As the purge begins the family closes themselves inside the house behind thick sheets of metal which cover the windows and doors. A short time later, Charlie sees a homeless man on the surveillance camera wandering the street in front of the house. The man is bleeding and begging for shelter. The kid lets the man in, but soon his pursuers come calling, assuring James that they will get past his security system within the hour. What follows is a plot similar to David Fincher’s “Panic Room.” The difference is that that film used logic and characters to set up a unique cat and mouse game. “The Purge” uses creepy-masks, shotguns and bad editing to create phony jack-in-the-box terror. It recycles clichés, like having the family split up into different rooms so one person can emerge later in order to save another person who is about to be killed.
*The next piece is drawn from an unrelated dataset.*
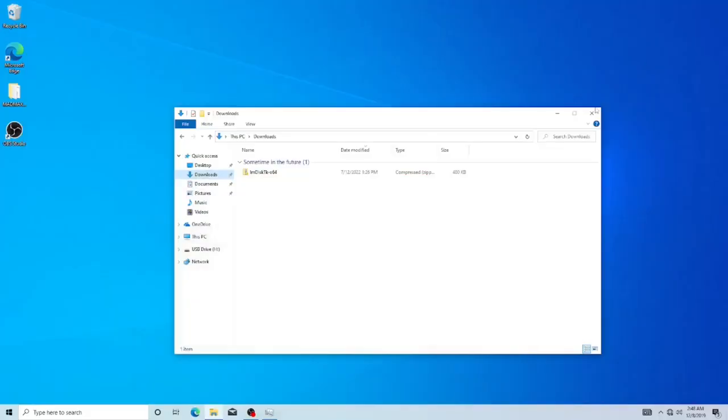Now that I've showed you the website where you can download the RAM disk software, I will have the link in the description. Here we need to go ahead and get that installed.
Somewhere in this insufferable mess, a message emerges about social justice and the tyranny of the “haves” over the “have-nots.” It eeks around the edges of the film but conveniently doesn’t get in the way of the repeated shots of someone getting blown to bits with a shotgun. This is an ugly, grimy little movie that comes down to a sick scene in which a mother painfully begs for her children’s lives while they have guns to their heads.
“The Purge” is a movie that gives you a lot of time to think. Ask yourself this: Why didn’t the Sandin’s just leave the country for the week of the purge? These are wealthy people, so why not just lock the house down and take a trip to Europe? Why not Canada? Or Australia, it’s supposed to be lovely this time of year.